I coltelli d’argento rubati al Congresso di Vienna

I banchetti imperiali, che di norma si tenevano alla Hofburg, in centro a Vienna, anche se Francesco Giuseppe preferiva risiedere a Schönbrunn, la reggia estiva, erano assolutamente memorabili. Ce li descrive Roberto Coaloa: «La tavola regale, di almeno quaranta metri, era favolosa, illuminata sfarzosamente. La sala era tappezzata con i più ricchi gobelins, guarnita di piante tropicali delle serre del parco di Schönbrunn, e offriva una visione incantevole, a volte quasi esotica. La tovaglia di prezioso tessuto era adorna coi fiori più rari e con alzate d’oro di valore inestimabile; servizi bellissimi d’oro e d’argento, di solito controllati dagli occhi vigili della servitù (era rimasto ben vivo il ricordo del fatto che durante il congresso di Vienna, in occasione di un ballo in maschera a corte sparirono, insieme con il contenuto dei piatti freddi, anche duemilacinquecento dei diecimila coltelli d’argento con la corona imperiale incisa sull’impugnatura). La tavole era completata da finissime porcellane e pesanti cristalli di Boemia intagliati artisticamente».

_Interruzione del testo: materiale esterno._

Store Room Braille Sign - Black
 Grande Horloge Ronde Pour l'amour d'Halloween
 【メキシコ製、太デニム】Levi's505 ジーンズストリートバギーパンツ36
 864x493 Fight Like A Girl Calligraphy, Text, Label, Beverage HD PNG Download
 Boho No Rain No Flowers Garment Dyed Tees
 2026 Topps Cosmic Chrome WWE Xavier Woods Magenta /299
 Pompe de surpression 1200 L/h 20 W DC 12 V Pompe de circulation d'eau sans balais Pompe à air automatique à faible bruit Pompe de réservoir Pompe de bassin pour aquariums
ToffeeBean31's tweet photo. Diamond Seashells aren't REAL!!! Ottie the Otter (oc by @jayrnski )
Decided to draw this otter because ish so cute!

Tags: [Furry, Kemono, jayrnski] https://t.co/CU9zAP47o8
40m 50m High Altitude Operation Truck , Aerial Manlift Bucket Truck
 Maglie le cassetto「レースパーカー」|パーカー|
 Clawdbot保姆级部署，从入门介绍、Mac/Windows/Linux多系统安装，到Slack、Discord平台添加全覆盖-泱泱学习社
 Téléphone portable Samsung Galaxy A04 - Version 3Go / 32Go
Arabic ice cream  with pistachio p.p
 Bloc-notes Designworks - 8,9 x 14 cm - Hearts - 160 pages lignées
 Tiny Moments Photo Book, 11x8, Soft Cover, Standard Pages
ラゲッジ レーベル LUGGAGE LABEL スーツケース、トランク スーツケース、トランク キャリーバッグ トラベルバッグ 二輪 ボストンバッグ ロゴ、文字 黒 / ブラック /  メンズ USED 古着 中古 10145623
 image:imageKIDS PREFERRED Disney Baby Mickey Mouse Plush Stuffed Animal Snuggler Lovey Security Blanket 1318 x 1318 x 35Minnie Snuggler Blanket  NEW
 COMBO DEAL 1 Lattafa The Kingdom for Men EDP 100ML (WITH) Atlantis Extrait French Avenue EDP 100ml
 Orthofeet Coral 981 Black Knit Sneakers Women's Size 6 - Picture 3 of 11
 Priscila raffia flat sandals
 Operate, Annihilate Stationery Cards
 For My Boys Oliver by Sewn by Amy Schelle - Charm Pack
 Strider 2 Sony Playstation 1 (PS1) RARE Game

«Le dame indossavano abiti da ballo elegantissimi e costosi – sottolinea ancora Coaloa – con collane e diademi in perle e brillanti; gli uomini erano, se militari in uniforme di gala, se civili in frac con decorazioni. In breve: tutto era luccicante e risplendente e offriva un colpo d’occhio indimenticabile. La servitù in livrea di corte, rossa, ricamata d’oro, con panciotto, calzoncini e calze bianche, scarpe nere e parrucche incipriate serviva inappuntabilmente una lunga lista di cibi e bevande (in queste occasioni si contavano dalle quindici alle diciotto portate). L’imperatore assaggiava quasi tutto, a eccezione dei piatti di carne fredda. Ma era molto parco e si serviva più abbondantemente soltanto di pochi cibi prediletti, come gli asparagi, i gamberi lessati, la carne di manzo, che la tavola di corte offriva in grandi fette così tenere e morbide che l’imperatore le tagliava con la sola forchetta. In quanto alle bevande Francesco Giuseppe prendeva prima un bicchiere di birra bavarese, poi un calice di vino austriaco, bianco e leggero, e infine lo champagne. Quando era stato versato nelle coppe, si poteva sempre osservare come l’imperatore vi inzuppasse uno o due biscotti oblunghi e leggeri da tavola e con quanto piacere li gustasse. Il sovrano non beveva mai caffè e liquori, ma aspettava pazientemente fino a che gli invitati li avessero sorbiti. Il fasto della reggia asburgica era tale che Federico Guglielmo IV, re di Prussia, affermò: «Ogni qualvolta sono ospite alla corte di Vienna mi pare d’essere un parvenù».